Before this album’s release, Omar and Cedric were being quoted as it being “a simplified version of what we've done before" and “future punk”. It turns out that both of these descriptions are accurate, but there’s much more of the “future” part of the latter phrase than was anticipated: There’s heavier use of keyboards, the live drumming is heavily reverbed and often chopped up or otherwise manipulated enough to feel electronic. Electric guitars are still present, but are generally de-emphasized in the mix in favor of keyboards, the aforementioned skittering, reverbed out drums, and those increasingly present wooshy effects. Tracks like “Lapotchka” put synthesizers in the forefront in a way that hasn’t been seen from this band before. It’s not devoid of aggressive, guitar-based tracks though – “Dyslexicon” in particular feels like it could have been one of the shorter Deloused cuts.

It’s also “simpler” in the same way that Octohedron was – there’s less tendency for winding epics (though “Empty Vessels Make The Loudest Sound” and “In Absentia” are both around 7 minutes long), and there’s more empty space in the mix.
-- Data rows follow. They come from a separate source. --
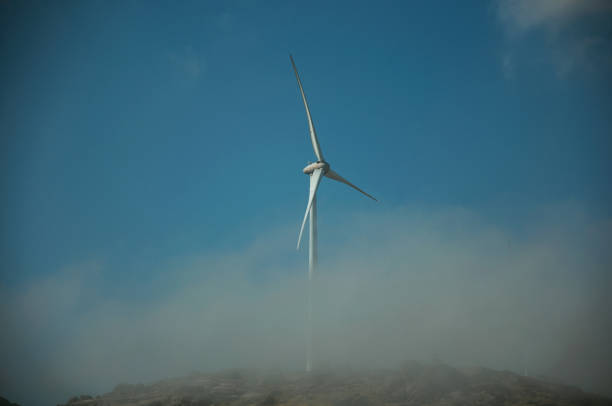 Wind turbines for electric power generation partially covered by mist over rocky hill, in a sunny day at Serra da Estrela. The highest mountain range in continental Portugal, with astonishing scenery.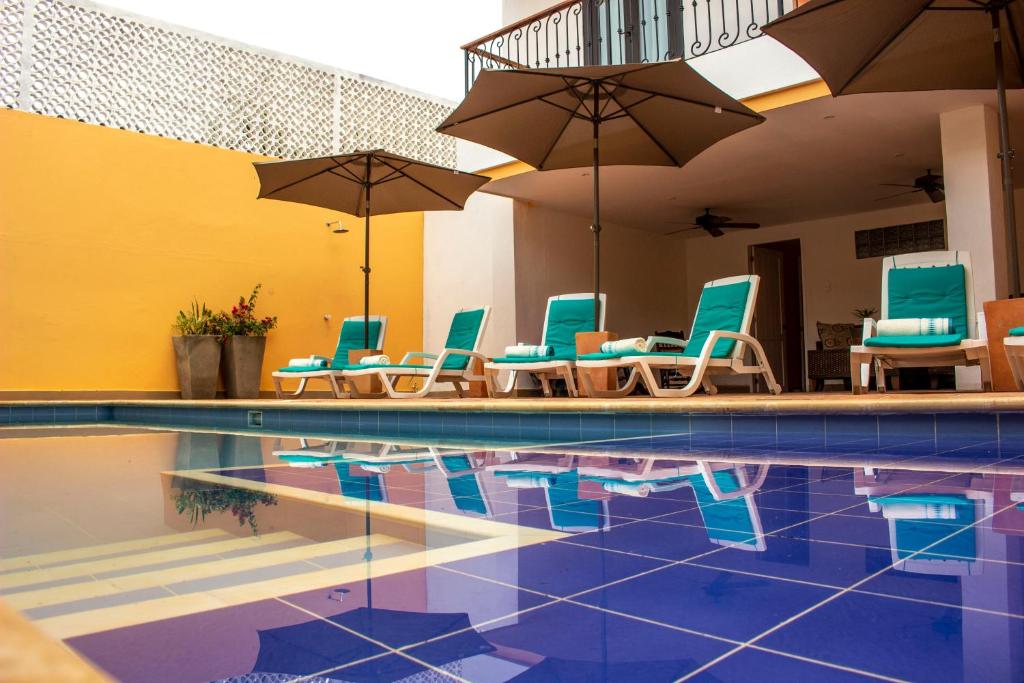 蒙波斯La Gloria Hotel by BespokeColombia的一个带蓝色椅子和遮阳伞的游泳池
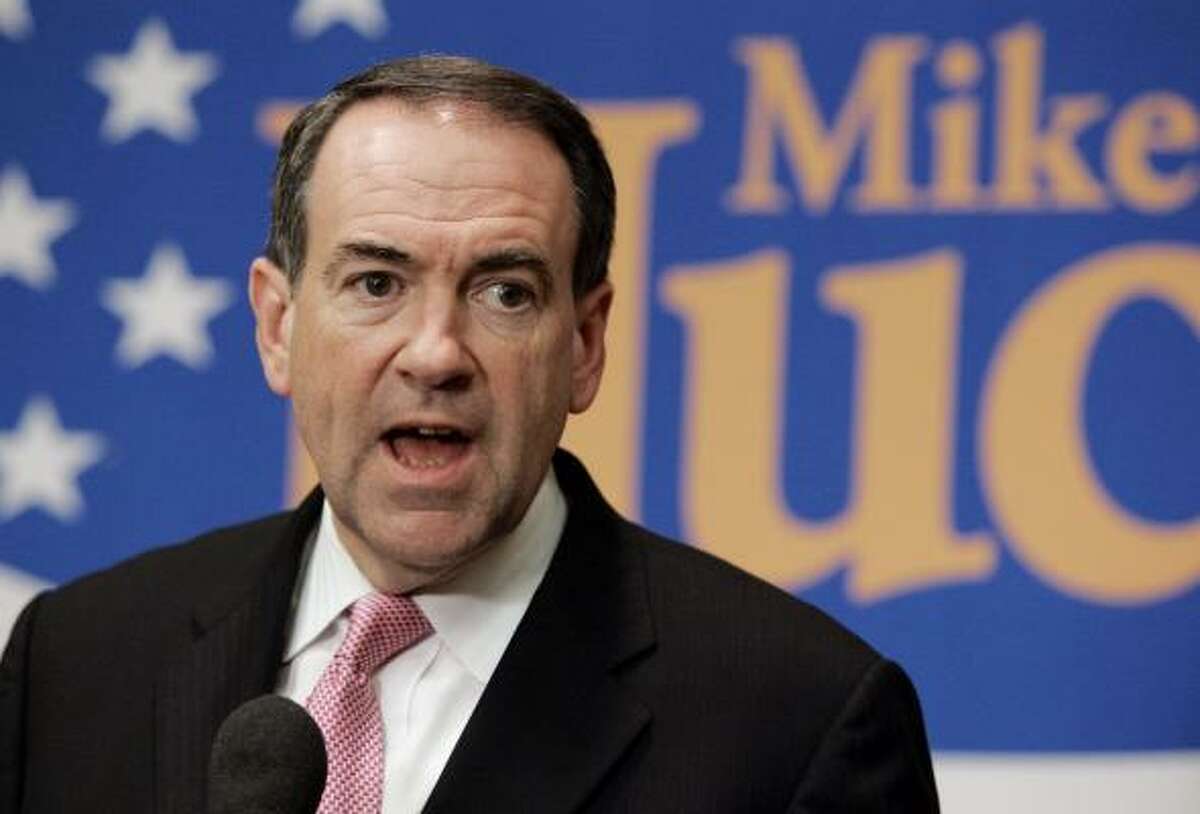 A new poll shows former Arkansas Gov. Mike Huckabee, shown in Dallas on Monday, second among GOP candidates, two percentage points behind Rudy Giuliani.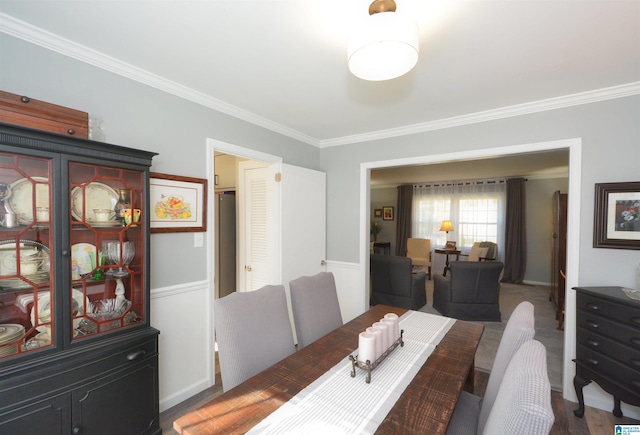 dining area with crown molding and dark wood-type flooring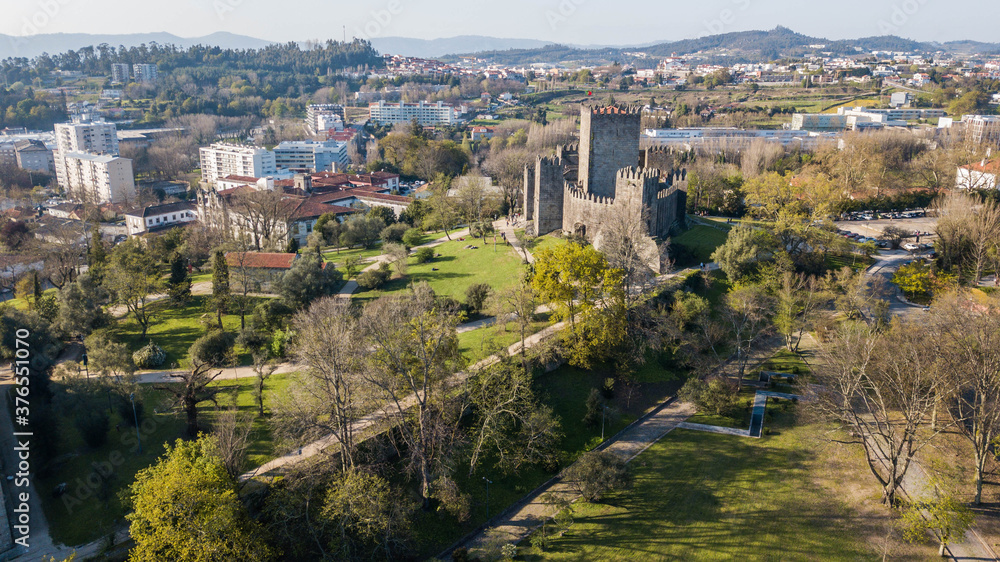 Fototapeta premium Aerial view of Guimarães castle, Portugal. Medieval stone castle in Guimarães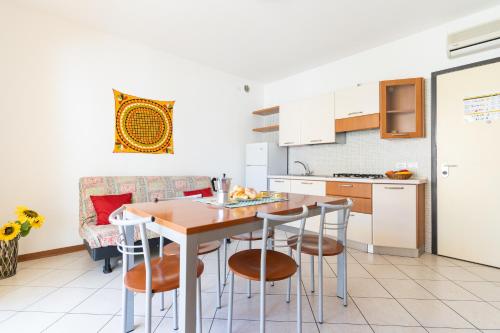 een keuken met een tafel en stoelen in een kamer bij Ca' Mira Apartments in Caorle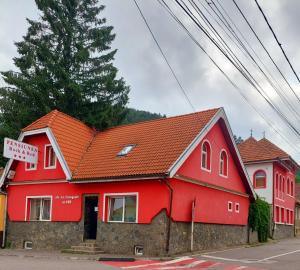 a red house with a red roof on a street at Pensiunea Rock and Red in Râşnov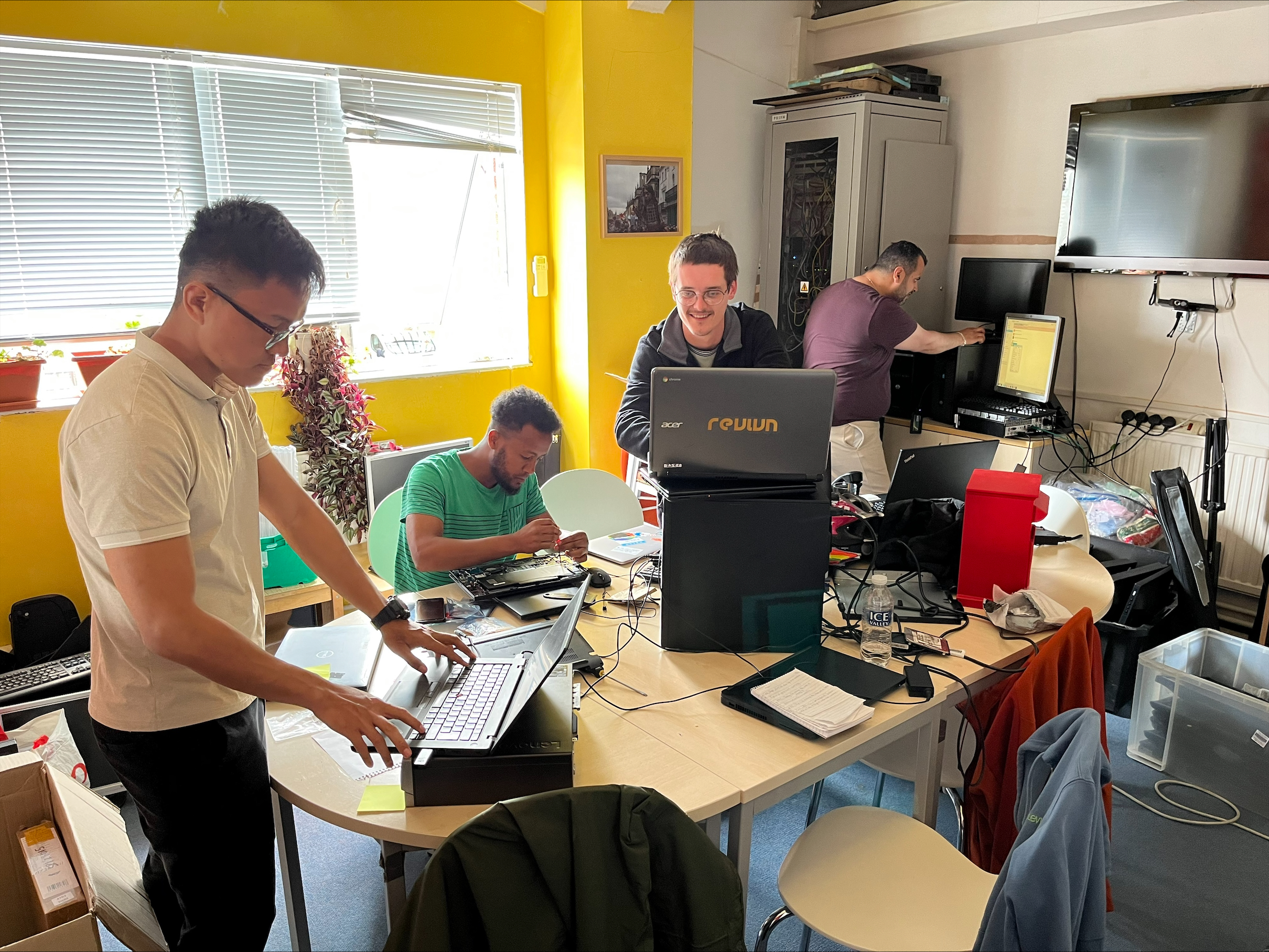 Asylum Welcome volunteers refurbishing laptops.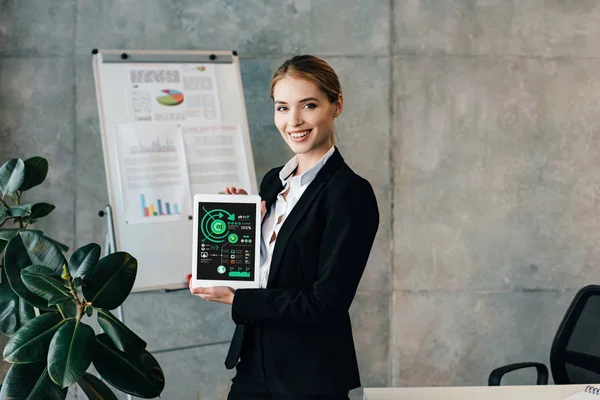 Pretty smiling businesswoman holding digital tablet with inphographics on screen — Stock Photo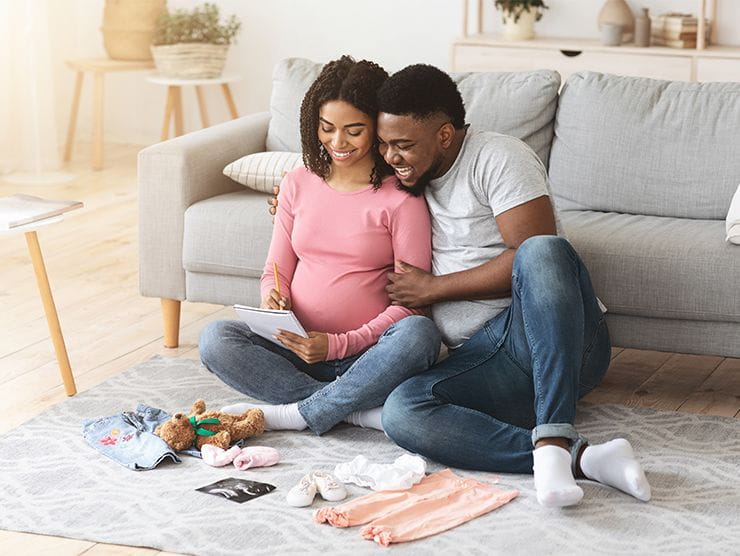 A man and pregnant woman looking at baby items at home as they prepare for their new baby.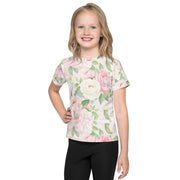 Girl wearing floral rose kids t-shirt with soft pink flowers from BEE KAA BOO beekaaboo.com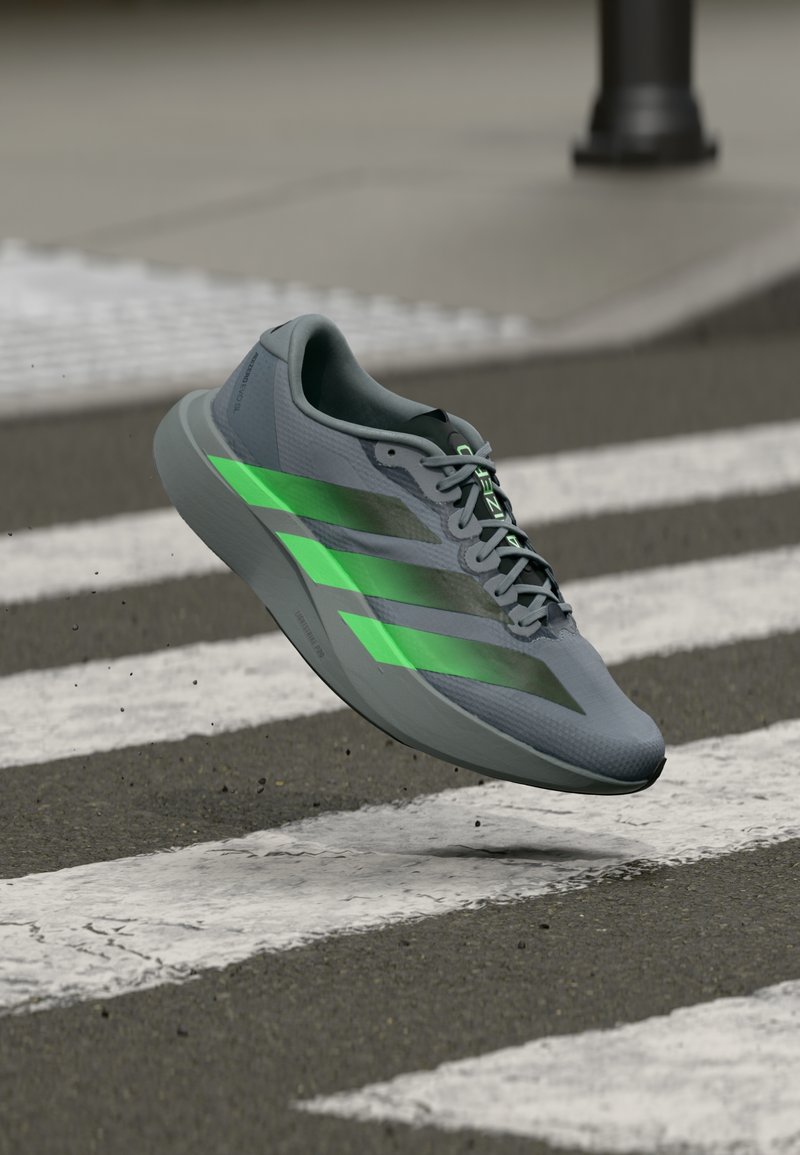 Chaussure de sport grise avec des bandes accentuées vert néon, une tige texturée et une semelle rembourrée, présentée en l'air au-dessus d'un passage piéton.
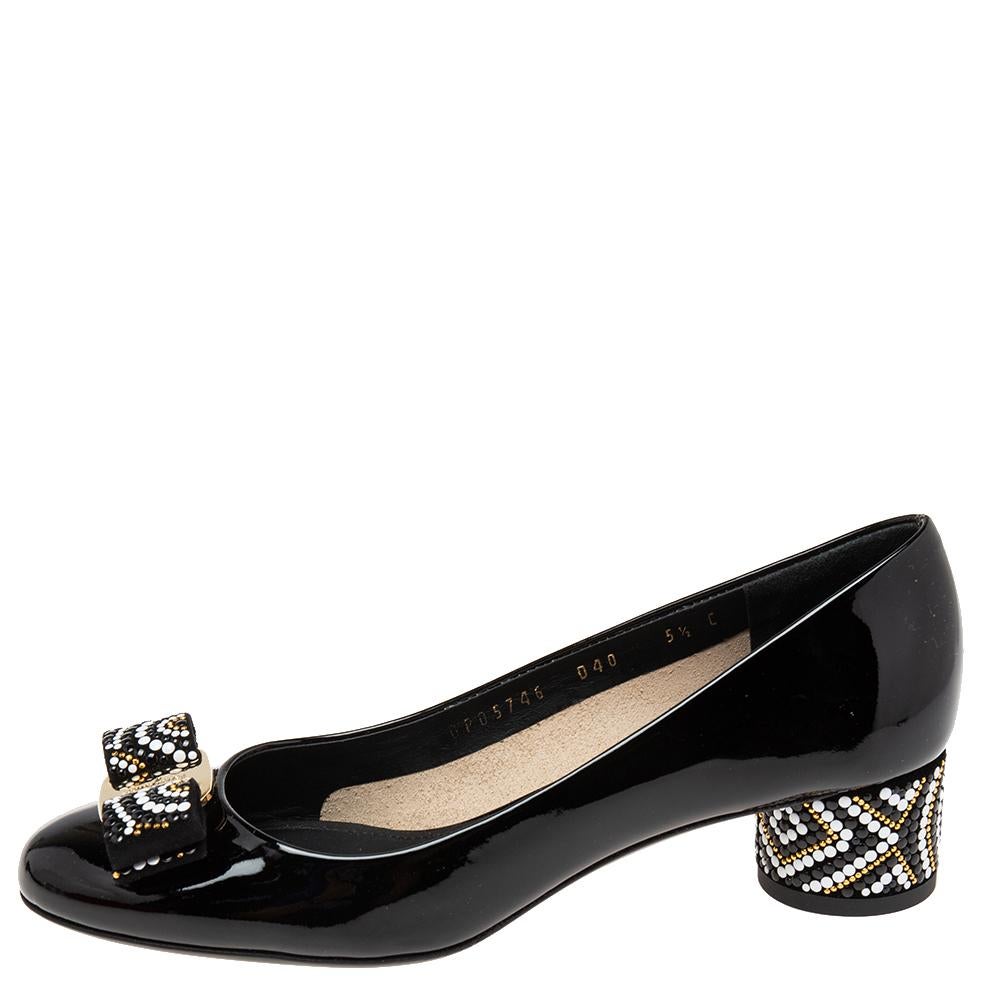 These Vara Bow pumps from the House of Salvatore Ferragamo will make you look classy and chic. They are made from black patent leather, with a mosaic-detailed Vara Bow placed on the rounded toes. They have gold-tone hardware and block heels. These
However, they’ve also kind of returned to making the actual arrangements more obtuse: As with Ocotahedron, there’s more emphasis on vocal melody and songs are much more likely to wrap up in under five minutes, but the music behind these melodies is often pretty strange and adventurous. Some fans have called it more of a “pop” record, but that’s not really true – they’re still experimenting with song structure, just in a different way than in their past albums: “The Malkin Jewel” is one of the creepier tracks, mainly due to the disjointed, almost Beefheartian rhythm of the verses (it’s also a hell of an odd choice for a first single, but I guess by now they’re picking singles by what might intrigue the fanbase, not by what would actually get picked up by radio). Opener “The Whip Hand” may be the worst track, but even that sort of proves my point that a song following a verse-chorus-verse structure and being under 5 minutes long doesn’t necessarily make it “pop” – the chorus in question is exceedingly ugly, especially due to it’s deliberately annoying, brappy synth-tone.

Overall, this feels like one of those “transitional” albums, but it is an interesting development in their sound, and I’m interested in where they might go with this in the future. There’s elements of their previous material that I miss a bit, but then again, if they were still doing songs that sounded exactly like Deloused In The Comatorium, that wouldn’t be terribly “progressive”.